Items from a data source

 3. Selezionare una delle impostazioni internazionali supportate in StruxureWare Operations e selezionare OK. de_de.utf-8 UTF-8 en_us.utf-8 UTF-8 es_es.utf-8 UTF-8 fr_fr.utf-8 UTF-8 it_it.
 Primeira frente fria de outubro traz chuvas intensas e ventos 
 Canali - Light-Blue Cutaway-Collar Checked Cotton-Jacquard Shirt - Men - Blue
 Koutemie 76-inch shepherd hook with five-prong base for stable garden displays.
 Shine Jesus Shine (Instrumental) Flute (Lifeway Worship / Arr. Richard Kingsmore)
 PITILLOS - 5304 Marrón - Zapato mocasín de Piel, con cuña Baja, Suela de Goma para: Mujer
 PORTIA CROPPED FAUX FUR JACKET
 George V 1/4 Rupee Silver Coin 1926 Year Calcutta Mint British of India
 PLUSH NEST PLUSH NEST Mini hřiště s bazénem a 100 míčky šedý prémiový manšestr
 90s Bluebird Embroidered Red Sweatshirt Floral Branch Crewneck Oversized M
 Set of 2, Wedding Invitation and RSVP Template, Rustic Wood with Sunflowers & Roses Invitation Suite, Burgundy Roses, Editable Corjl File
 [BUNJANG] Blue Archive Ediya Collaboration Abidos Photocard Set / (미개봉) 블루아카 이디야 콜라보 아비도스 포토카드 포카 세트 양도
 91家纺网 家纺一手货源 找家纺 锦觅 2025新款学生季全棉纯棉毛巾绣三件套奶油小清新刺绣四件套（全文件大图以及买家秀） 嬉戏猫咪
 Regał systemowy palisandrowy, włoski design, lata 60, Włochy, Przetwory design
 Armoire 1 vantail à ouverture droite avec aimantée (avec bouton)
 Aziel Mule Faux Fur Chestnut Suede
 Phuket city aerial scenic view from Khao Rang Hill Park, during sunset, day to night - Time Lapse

* What you need to do *
Starting at the line that contains "91家纺网 家纺一手货源 找家纺", restate word for word every line through the last one in the records above. Return nothing else.

* Finished task *
 91家纺网 家纺一手货源 找家纺 锦觅 2025新款学生季全棉纯棉毛巾绣三件套奶油小清新刺绣四件套（全文件大图以及买家秀） 嬉戏猫咪
 Regał systemowy palisandrowy, włoski design, lata 60, Włochy, Przetwory design
 Armoire 1 vantail à ouverture droite avec aimantée (avec bouton)
 Aziel Mule Faux Fur Chestnut Suede
 Phuket city aerial scenic view from Khao Rang Hill Park, during sunset, day to night - Time Lapse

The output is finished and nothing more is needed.